What you will do: Below are the entries to work from; restate word for word the portion that opens with the line containing "Volkswagen Golf 2022 из CN, фото 9" and closes with the line containing "Cele mai puternice", keeping both.

++++++++++

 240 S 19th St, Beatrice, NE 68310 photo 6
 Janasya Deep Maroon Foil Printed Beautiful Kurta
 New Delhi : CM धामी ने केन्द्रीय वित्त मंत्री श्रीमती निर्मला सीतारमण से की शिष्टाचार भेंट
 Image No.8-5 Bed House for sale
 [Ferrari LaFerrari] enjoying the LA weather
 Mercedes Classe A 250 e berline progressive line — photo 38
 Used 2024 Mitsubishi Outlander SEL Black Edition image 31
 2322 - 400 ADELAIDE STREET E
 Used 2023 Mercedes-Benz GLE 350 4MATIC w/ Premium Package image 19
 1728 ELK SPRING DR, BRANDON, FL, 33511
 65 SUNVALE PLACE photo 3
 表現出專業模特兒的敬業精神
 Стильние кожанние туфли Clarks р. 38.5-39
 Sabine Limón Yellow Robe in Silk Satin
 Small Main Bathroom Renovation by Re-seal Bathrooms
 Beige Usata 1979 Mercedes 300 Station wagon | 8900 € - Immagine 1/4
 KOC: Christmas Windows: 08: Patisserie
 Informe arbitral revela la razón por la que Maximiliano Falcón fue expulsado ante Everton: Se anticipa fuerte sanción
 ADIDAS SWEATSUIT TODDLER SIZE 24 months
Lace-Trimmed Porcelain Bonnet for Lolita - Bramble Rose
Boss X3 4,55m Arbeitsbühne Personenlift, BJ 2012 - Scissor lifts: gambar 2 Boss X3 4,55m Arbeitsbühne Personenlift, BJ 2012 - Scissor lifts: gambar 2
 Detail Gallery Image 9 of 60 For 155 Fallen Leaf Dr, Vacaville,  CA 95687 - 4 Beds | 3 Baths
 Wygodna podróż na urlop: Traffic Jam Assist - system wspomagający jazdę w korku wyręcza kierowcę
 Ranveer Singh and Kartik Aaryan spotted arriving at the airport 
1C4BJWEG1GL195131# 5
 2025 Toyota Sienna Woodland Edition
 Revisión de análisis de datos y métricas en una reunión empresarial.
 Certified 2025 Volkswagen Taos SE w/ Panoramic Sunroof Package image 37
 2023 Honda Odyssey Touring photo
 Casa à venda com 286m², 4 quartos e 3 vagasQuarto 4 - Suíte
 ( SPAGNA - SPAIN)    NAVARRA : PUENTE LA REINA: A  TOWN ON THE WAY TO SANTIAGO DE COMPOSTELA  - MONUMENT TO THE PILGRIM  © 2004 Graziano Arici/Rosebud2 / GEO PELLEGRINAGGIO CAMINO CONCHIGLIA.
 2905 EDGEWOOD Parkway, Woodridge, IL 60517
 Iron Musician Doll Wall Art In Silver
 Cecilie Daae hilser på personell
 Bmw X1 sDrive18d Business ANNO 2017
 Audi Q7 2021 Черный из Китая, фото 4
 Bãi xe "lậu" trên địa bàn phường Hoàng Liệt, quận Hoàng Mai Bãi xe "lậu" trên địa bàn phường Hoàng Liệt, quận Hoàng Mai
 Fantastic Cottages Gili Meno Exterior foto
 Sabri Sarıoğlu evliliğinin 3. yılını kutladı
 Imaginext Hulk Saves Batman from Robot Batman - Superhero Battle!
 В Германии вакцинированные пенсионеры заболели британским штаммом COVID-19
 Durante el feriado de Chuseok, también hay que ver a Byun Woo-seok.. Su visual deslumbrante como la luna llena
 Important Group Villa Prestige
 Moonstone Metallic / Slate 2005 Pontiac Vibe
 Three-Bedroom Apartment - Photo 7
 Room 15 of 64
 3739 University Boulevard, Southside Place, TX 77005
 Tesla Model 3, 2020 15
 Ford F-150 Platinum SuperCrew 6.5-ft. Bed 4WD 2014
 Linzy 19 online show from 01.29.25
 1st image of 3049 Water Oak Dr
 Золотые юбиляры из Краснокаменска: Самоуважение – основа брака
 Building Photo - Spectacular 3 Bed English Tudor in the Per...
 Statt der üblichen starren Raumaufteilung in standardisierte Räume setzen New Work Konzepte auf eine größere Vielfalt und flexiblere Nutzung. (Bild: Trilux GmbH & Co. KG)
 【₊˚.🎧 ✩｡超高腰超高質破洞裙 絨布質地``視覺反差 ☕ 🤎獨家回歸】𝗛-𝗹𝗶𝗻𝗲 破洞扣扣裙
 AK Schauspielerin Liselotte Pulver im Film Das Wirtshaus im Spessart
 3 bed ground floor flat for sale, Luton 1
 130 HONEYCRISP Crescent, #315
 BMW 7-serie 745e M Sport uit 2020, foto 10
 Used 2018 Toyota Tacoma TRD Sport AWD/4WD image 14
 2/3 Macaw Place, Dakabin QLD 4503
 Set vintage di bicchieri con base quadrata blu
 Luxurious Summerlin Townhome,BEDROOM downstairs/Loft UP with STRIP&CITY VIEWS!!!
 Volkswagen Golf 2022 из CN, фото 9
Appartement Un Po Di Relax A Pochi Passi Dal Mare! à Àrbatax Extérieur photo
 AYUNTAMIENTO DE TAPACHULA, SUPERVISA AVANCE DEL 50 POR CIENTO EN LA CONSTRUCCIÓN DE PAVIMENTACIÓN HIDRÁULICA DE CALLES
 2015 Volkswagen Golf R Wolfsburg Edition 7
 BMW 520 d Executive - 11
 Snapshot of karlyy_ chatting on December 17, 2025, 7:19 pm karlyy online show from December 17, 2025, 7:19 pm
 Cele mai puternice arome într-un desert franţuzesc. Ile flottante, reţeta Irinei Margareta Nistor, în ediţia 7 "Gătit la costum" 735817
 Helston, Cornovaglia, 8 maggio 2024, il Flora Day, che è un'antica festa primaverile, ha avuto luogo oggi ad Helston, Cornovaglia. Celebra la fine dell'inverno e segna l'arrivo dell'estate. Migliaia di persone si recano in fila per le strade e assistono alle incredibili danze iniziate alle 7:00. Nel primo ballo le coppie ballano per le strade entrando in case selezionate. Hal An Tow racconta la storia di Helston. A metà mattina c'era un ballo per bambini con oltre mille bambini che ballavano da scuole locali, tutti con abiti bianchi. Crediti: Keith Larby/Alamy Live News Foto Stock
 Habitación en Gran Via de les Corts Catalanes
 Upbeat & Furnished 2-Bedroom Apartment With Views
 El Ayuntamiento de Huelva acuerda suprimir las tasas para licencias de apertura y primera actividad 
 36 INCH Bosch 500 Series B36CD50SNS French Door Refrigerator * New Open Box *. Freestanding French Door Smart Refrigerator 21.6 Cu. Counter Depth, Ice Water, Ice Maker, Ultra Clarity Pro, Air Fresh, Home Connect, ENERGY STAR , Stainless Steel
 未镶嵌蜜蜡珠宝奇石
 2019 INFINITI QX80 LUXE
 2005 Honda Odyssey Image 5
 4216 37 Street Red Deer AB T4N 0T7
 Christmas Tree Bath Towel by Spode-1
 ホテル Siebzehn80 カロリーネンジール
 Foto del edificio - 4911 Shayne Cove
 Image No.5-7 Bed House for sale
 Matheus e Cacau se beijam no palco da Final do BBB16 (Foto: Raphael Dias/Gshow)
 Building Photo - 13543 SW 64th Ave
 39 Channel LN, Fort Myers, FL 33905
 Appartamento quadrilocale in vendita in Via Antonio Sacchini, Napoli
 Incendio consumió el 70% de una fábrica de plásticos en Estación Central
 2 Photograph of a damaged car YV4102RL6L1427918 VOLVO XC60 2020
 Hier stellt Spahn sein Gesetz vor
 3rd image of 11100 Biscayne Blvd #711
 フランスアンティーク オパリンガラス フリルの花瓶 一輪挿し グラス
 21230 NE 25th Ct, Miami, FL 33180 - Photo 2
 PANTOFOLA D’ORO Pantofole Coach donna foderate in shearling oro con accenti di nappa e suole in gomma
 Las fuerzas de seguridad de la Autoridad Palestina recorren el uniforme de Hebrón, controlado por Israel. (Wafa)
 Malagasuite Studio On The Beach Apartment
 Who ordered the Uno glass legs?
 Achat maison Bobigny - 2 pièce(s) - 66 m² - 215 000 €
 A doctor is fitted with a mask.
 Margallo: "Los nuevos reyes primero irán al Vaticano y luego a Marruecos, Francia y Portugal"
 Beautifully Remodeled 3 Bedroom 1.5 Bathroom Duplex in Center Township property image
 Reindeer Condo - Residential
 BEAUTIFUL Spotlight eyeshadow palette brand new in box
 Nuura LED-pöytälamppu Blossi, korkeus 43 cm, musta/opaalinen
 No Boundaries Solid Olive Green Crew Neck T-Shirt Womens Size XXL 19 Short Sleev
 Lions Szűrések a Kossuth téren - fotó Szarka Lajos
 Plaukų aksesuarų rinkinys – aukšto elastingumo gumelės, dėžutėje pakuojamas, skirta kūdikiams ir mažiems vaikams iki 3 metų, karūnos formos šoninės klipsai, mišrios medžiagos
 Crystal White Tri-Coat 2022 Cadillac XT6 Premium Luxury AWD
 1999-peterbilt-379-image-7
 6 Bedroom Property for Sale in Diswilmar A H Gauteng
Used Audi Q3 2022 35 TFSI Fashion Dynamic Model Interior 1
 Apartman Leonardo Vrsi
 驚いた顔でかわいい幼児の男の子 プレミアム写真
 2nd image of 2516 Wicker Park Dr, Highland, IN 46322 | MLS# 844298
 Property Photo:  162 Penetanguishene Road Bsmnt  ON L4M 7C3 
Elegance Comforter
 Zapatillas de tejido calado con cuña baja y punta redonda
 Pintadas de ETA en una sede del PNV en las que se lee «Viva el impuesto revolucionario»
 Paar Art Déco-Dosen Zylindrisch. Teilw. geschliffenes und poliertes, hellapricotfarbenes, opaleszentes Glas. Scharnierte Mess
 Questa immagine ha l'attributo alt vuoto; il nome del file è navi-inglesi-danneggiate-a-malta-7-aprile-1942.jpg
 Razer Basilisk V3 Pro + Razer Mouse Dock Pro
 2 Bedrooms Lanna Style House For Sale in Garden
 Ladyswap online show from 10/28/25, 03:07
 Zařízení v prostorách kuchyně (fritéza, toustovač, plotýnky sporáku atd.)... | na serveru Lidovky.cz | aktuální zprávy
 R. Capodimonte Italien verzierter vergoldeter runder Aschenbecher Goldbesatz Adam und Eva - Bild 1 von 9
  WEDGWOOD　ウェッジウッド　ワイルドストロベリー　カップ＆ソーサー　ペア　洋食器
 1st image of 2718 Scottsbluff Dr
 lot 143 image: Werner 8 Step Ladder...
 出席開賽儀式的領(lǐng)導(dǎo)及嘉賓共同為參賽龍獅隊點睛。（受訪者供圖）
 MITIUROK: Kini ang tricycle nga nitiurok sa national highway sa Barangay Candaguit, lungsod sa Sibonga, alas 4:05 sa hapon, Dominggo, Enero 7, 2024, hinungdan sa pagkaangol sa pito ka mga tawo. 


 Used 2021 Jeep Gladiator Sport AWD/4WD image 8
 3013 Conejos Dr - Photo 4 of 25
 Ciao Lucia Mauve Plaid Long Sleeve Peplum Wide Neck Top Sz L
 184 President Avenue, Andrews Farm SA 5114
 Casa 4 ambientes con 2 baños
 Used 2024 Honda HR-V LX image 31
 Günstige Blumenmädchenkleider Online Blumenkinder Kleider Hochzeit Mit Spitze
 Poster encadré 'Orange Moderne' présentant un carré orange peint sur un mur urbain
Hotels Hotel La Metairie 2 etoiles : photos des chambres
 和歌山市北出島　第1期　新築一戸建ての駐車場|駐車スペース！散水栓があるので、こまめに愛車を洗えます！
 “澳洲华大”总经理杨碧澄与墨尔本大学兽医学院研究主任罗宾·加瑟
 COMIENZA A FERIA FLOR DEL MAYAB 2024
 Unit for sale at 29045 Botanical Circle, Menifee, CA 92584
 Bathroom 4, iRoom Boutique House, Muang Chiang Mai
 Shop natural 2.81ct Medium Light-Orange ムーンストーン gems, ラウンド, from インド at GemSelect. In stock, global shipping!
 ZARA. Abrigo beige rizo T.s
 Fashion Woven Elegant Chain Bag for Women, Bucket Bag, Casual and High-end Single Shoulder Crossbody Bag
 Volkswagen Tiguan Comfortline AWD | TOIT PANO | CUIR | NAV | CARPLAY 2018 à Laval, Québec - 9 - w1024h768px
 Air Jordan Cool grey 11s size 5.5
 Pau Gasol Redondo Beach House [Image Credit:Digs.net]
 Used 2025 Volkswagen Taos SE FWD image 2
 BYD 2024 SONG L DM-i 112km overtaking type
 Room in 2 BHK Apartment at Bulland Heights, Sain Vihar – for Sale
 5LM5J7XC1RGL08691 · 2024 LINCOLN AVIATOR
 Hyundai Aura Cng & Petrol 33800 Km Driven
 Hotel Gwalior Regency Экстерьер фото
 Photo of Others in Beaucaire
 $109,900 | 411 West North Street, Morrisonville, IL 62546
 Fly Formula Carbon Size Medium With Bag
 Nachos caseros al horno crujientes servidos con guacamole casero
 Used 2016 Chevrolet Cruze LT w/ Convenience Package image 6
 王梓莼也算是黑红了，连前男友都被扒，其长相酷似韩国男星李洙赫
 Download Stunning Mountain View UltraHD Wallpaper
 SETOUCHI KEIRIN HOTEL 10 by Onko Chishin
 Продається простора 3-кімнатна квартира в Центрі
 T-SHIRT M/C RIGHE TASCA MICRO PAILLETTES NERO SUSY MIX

++++++++++

The completed task:
 Volkswagen Golf 2022 из CN, фото 9
Appartement Un Po Di Relax A Pochi Passi Dal Mare! à Àrbatax Extérieur photo
 AYUNTAMIENTO DE TAPACHULA, SUPERVISA AVANCE DEL 50 POR CIENTO EN LA CONSTRUCCIÓN DE PAVIMENTACIÓN HIDRÁULICA DE CALLES
 2015 Volkswagen Golf R Wolfsburg Edition 7
 BMW 520 d Executive - 11
 Snapshot of karlyy_ chatting on December 17, 2025, 7:19 pm karlyy online show from December 17, 2025, 7:19 pm
 Cele mai puternice arome într-un desert franţuzesc. Ile flottante, reţeta Irinei Margareta Nistor, în ediţia 7 "Gătit la costum" 735817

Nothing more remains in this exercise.